Do isolated music tracks for Columbo episodes exist? Could they be released in a box set, all of them, complete and chronological, say, tomorrow? Apparently not. So we must scrounge, and if you look at ye olde YouTube you will find that a few enterprising hunters and gatherers have things to share with you. And thus the 524th Soundtrack of the Week is Billy Goldenberg's gorgeous music for the Columbo episode "Ransom for a Dead Man".

We'll start with the main theme, which recurs several times throughout. It's this tantalizing and haunting minor key melody which keeps climbing and climbing, modulating the key up a half step when it seems like it can't go higher. The blend of electric and acoustic instruments also gives it an eerie feeling. While this is a solid episode of Columbo, the music is more powerful than anything else in it other than the performances of the two leads.

The first time you hear it is in a pretty straightforward and mid-tempo 4/4 arrangement but it comes back as a sprightly waltz and, at the end, as kind of an old timey jazz swing tune.

Then there's this fantastic 6/4 piece that I think is used for the ransom drop scene, in which the triangle, that ubiquitous element of television scores of the time, plays a key role. It has a driving and soaring quality to it, reminiscent of John Barry's "007" and some of Joe Harnell's music for The Bionic Woman.

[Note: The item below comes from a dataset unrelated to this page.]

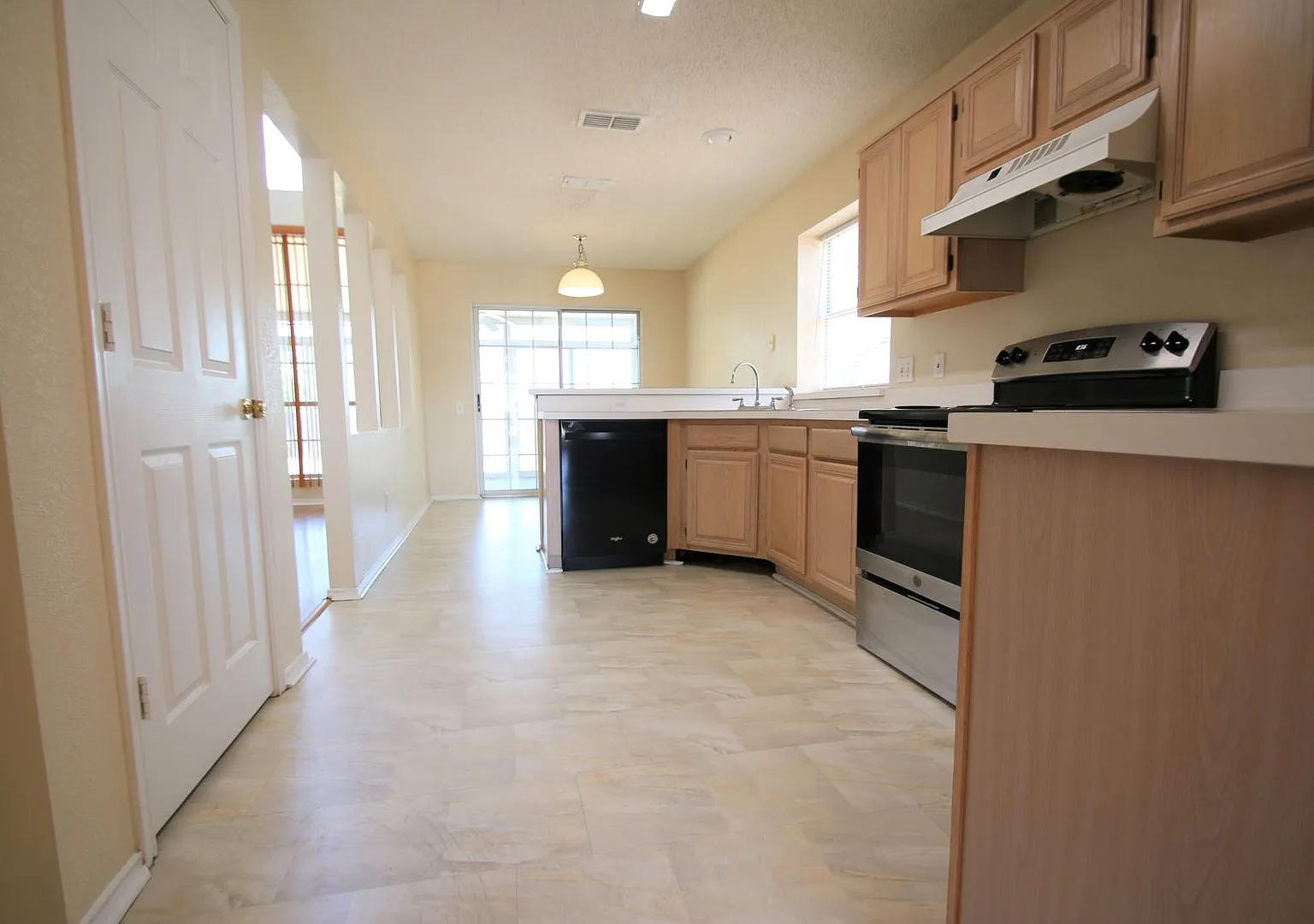 Stunning 4BR/2.5BA South Fort Worth Gem with Sun Room & 2-Car Garage! — Photo 1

There's also another jazz waltz that's a close cousin to the main theme, similar harmonic structure, different melody, but very much companions to each other.

Somewhere in there also is a nightmarish piece with a maddeningly repetitive part providing the foundation for some strange figures. It eventually stops and then there are some equally strange sounds, what sounds like an overblown flute underwater and then some creative use of tape delays, again blending electronic and acoustic sounds to dramatic and atmospheric effect.